A plane just flew over my house and I had no sense of fear. No second thought that it could mean I was about to be buried under the rubble of my own home. No need to reach for my phone to make sure my friends and family in neighboring cities were safe. It was just a plane and I was just a woman getting ready for bed.
“My children are terrified when they hear a plane go by,” one Syrian refugee says to Elias Matar in his documentary Children of Beqaa. “The world powers are fighting in Syria, each one on a different side. But what about the children of Syria? Where do they go?” Part of the answer is layered in this documentary by Elias Matar, a Syrian-American filmmaker and humanitarian. The people who risk their lives to cross the border and leave Syria are not only trying to create a better life for their children; they’re trying to keep them alive.
Children of Beqaa documents Elias Matar and his eighteen-year-old daughter Lyla’s 2016 journey to the Beqaa Valley in Lebanon to work with Salam LADC, a local NGO. Elias was born in America, but moved to Syria with his family at the age of two. He spent his youth in Damascus and Latakia before coming of age in America. This is a coming home of sorts for Elias. At times he is only five miles from Damascus, a place he is not sure he’ll ever see again. His daughter Lyla is older than her nineteen years. She is a music major ready to save the world through harmony, and she just might.

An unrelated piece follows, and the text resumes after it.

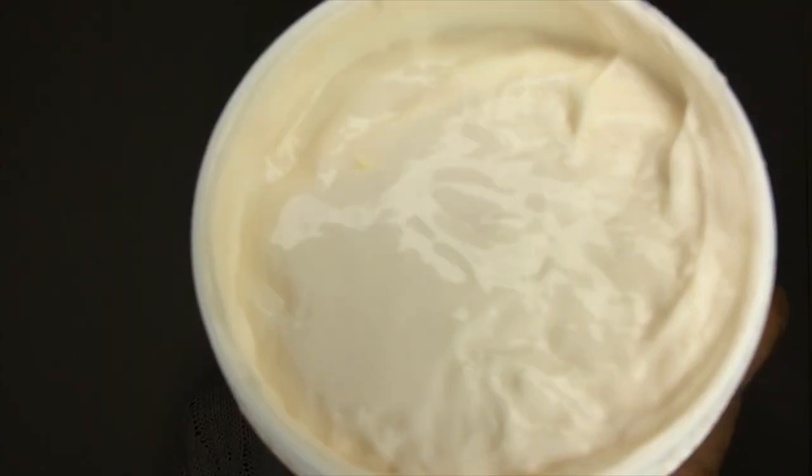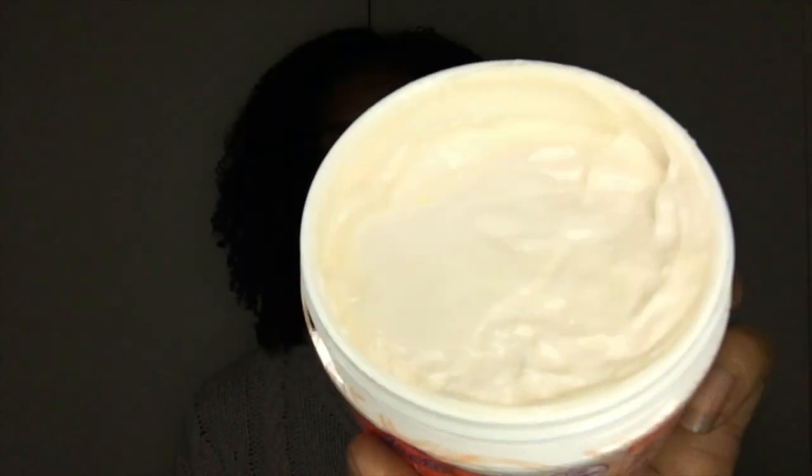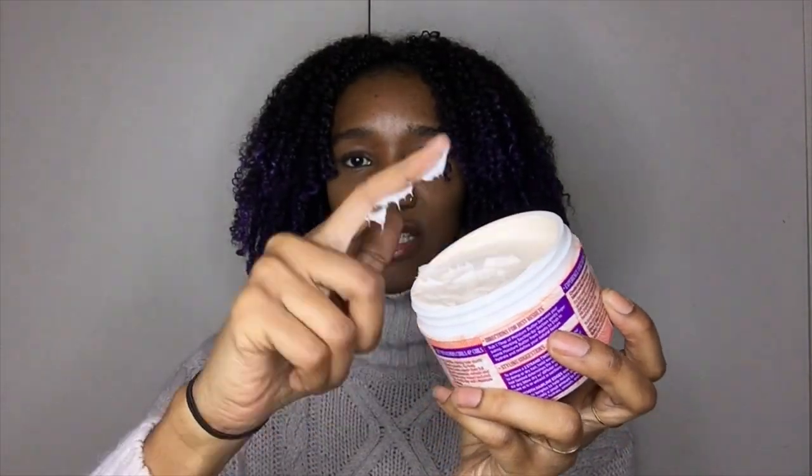So for the smell, as I mentioned in the last video, Beautiful Textures has a very sweet, almost sickly smell — it's not sickly to me because I like sweets, but it is quite sweet. If you're not used to sweet-smelling products, I wouldn't suggest this one. And it looks like a light peachy color — just tap it so you can see the texture.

This documentary was made with a willingness to let its individuals speak for themselves. There is no one controlling the narrative. No leading questions. No one seems exploited or exposed. People are given the space to share as much or as little of their story as they’d like. Children of Beqaa gives the unheard a voice. It showcases the humanity, grace, intelligence and willingness to help their neighbor present in every person on screen. First and foremost, it is about the children.
For many it is easy to disregard a headline, but it is much harder to ignore the face of a child looking directly to the camera saying,“I’m Hercules. Whenever there’s trouble, I’ll come.” You believe him. And you want to do everything in your power to keep him smiling.

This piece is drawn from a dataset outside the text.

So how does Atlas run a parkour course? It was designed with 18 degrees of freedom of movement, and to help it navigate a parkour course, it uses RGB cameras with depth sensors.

About a month ago, Elias held a community dinner that I had the pleasure of attending. It was a night that benefited two Syrian families that have relocated to California. The matriarchs of the families cooked enough food to feed about a hundred people, though I’m sure the leftovers went quickly with the young teenage boys in the house. It was the most delicious home-cooked meal I have had in years. After dinner, we sat in our host’s living room and listened to stories about life before the war. We heard about late nights during Ramadan where a young woman and her uncle would run through the streets eating as much as they could before sunrise, a honeymoon for a couple who never had the chance to get away before they started a family (and how they returned home with another child on the way), and a father who trained his children into champion kick boxers. Their lives in Syria were full and beautiful. Every story was a story you and I could recount about our lives when catching up with an old friend. The lives we sometimes take for granted.
Elias Matar is not only a filmmaker; he also started his own non-profit Lighthouse Peace Initiative Corp. This organization is dedicated to raising the quality of life for the most vulnerable Syrians living in Lebanon, Greece and Turkey.
You might be wondering how one person can make any difference in a world that seems destined to repeat the same egregious mistakes over and over again. The answer is: anything you can. Get informed. Find a screening of the film. Donate to an organization you believe in. If you have the time and the money to volunteer, volunteer. Children of Beqaa shows us how much impact one person can have in someone’s life by being present, by listening, and by giving whatever he or she can. Did you know that $30 could feed a family of six displaced Syrians in Lebanon for a month?